Melihat itu, Shin Noya menyeringai.
“Sepertinya kau dipanggil pulang.”
[…]
Pemimpin itu tidak menjawab, tetapi keheningannya seolah membenarkan perkataan Shin Noya.
“Jangan khawatir. Aku tidak akan menghentikanmu. Pergilah dengan damai.”
[Grrrr….]
Pemimpin itu mendengus pelan karena kesal, tetapi kemudian membalikkan badannya. Saat pergi, dia berbicara.
[Orang luar. Anda beruntung. Bersyukurlah atas belas kasihan tuan.]
“Oh, tentu. Pastikan untuk menyampaikan terima kasihku padanya.”
[Grrrrrr….]
Sang pemimpin mengayunkan kapaknya, membelah udara, dan Gerbang Magyeong lainnya terbuka.
Sang pemimpin melangkah masuk, dan gerbang mulai menutup.
Sebelum pintu itu tertutup sepenuhnya, pemimpin itu mengarahkan pandangannya langsung ke arahku.
[Naga, lain kali, aku akan membunuhmu.]
Kata-katanya ditujukan kepadaku, dan aku mengerutkan kening.
“Omong kosong apa yang kau ucapkan? Pergi sana, dasar binatang bodoh.”
[Anda-!]
Sebelum dia sempat berkata lebih banyak, Gerbang Magyeong tertutup sepenuhnya dan menghilang.
Dalam suasana tenang yang tiba-tiba itu, Shin Noya adalah orang pertama yang memecah keheningan.
“Heh. Mulutmu masih sejorok seperti biasanya.”
Shin Noya menghela napas, melemparkan Gui-jeong ke arahku.
Pukulan keras!
Aku secara naluriah menangkapnya, dan begitu aku melakukannya, Gui-jeong kembali melilit lenganku, warnanya kembali menjadi biru.
“Menggunakannya setelah sekian lama tidak buruk. Bahkan terasa menyenangkan.”
Suaranya terdengar hampir sendu.
Sambil memperhatikannya, aku menggigit bibirku.
Apa yang harus saya tanyakan terlebih dahulu?
Mengapa dia ada di sini?
Di manakah sebenarnya tempat ini?
Atau bagaimana dia bisa muncul dalam bentuk yang begitu padat?

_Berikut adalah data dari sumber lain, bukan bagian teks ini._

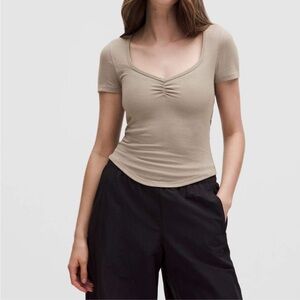 NWT!🍋🍋Lululemon Hold Tight Sweetheart Short Sleeve Shirt🍋🍋. Size 12.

Haruskah saya meminta penjelasan umum?
Berbagai pertanyaan berkecamuk di benakku, tetapi kata-kata pertama yang keluar dari mulutku adalah—
“Mengapa kamu tetap diam?”
Saya bertanya tentang pertempuran sebelumnya.
“Hmm?”
Shin Noya menatapku seolah bingung.
“Baru saja. Mengapa kamu diam saja? Itu terlihat berbahaya.”
“Diam saja? Siapa yang melakukannya?”
“Kau benar, Noya…”
“Ah, tsk, tsk.”
Dia mendecakkan lidahnya dengan tajam mendengar kata-kataku, ekspresinya menunjukkan kekesalan.

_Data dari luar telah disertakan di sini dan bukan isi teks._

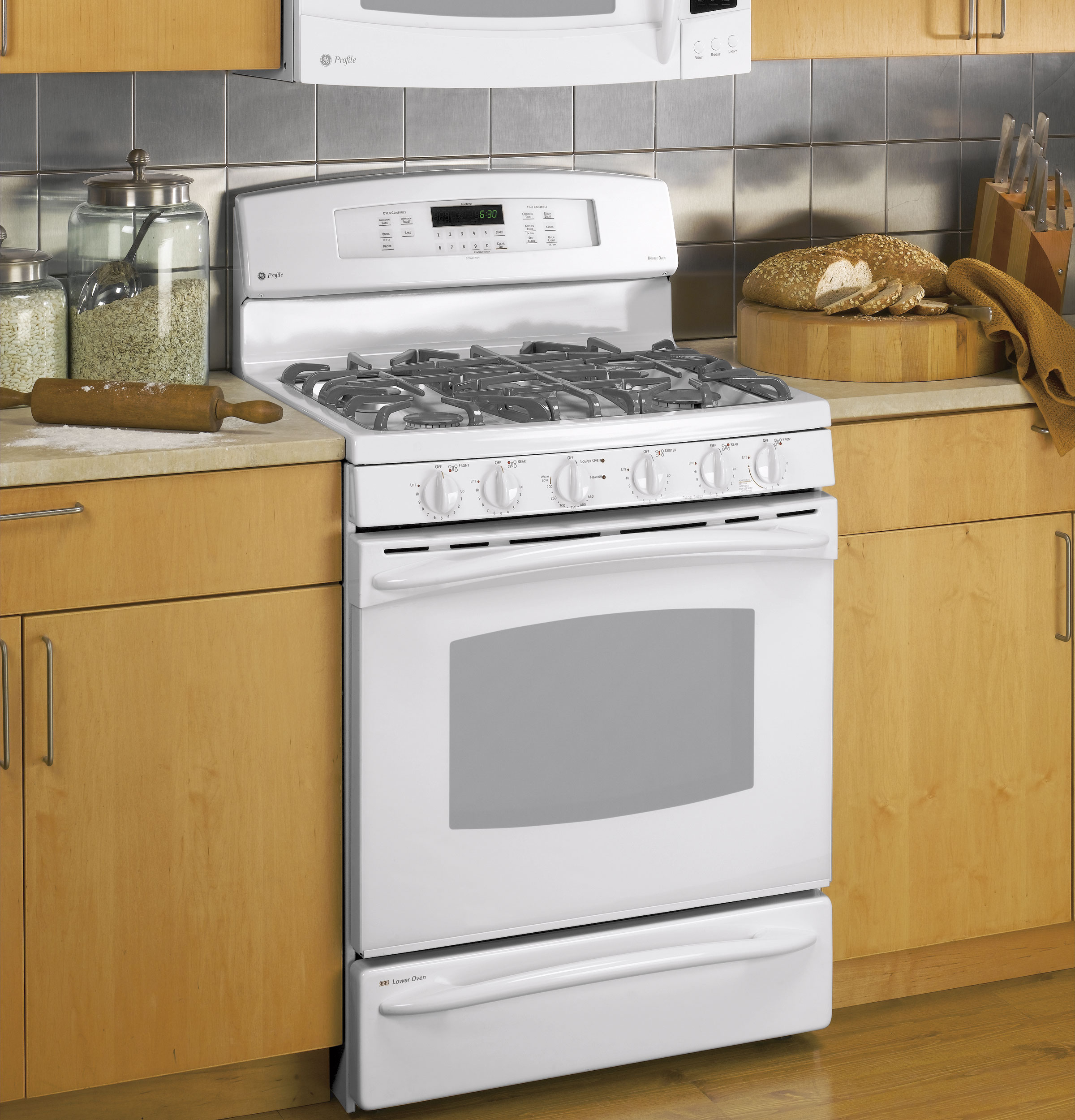 30" Dual-Fuel Range with Baking Drawer P2B918DEMWW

“Nak, bagaimana mungkin matamu masih buta setelah sekian lama?”
Dia mengangkat tangan dan menunjuk ke langit.
Mengikuti isyaratnya, pandanganku beralih ke atas.
“Apa…? Hah!”
Tubuhku membeku saat aku melihat.
Barulah saat itulah aku melihat mereka.
Tiga pedang raksasa menembus awan dan bintang-bintang.

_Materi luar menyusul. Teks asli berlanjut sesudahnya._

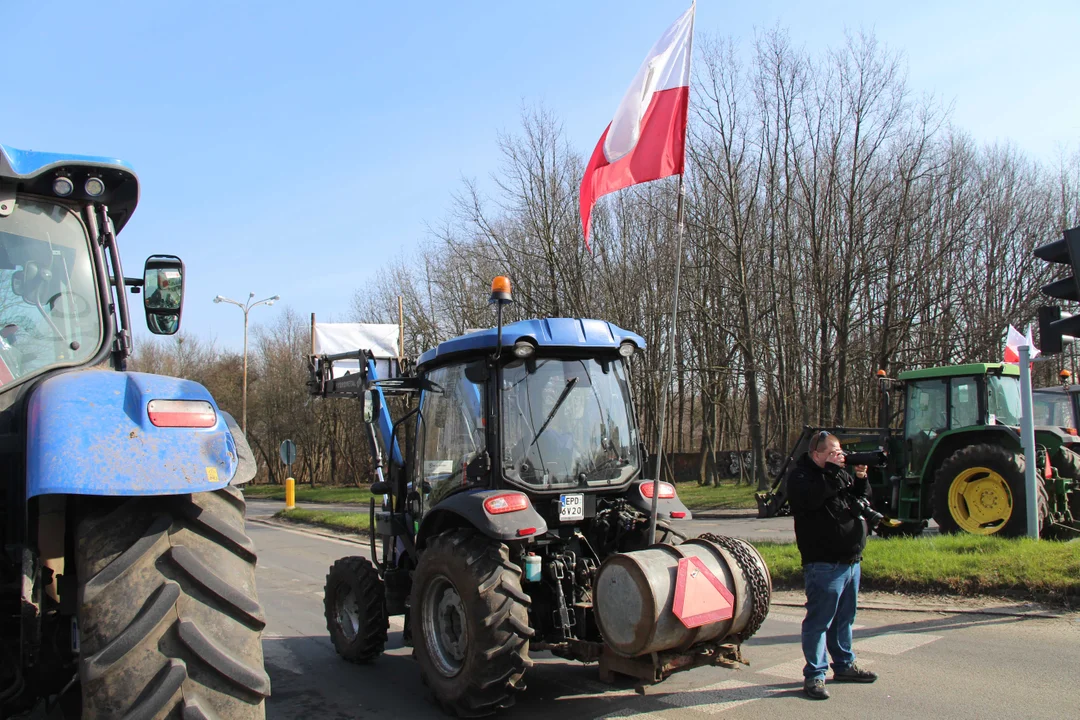 Protest rolników w Łodzi - skrzyżowanie Aleksandrowska/Szczecińska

Hanya dengan melihatnya, aku bisa merasakan energi luar biasa yang terpancar dari pedang-pedang itu.
Itu adalah pedang mental—konstruksi dari energi dan kemauan murni.
Pemandangan itu sungguh mencengangkan.
Bahkan hatiku pun bergetar hanya dengan melihat mereka.
Dibandingkan dengan pukulan mental saya atau pedang yang digunakan orang lain, ini berada di level yang sama sekali berbeda.
Mereka mewujudkan sesuatu yang jauh lebih mendalam dan transenden.
“Kau pikir itu berbahaya?”
Saat mendengar suara Shin Noya, aku mengalihkan pandanganku kembali kepadanya.
Dia masih tersenyum.
Senyum itu—
“Untuk siapa?”
Itu adalah senyum seorang lelaki tua yang menyaksikan tingkah laku polos seorang anak kecil.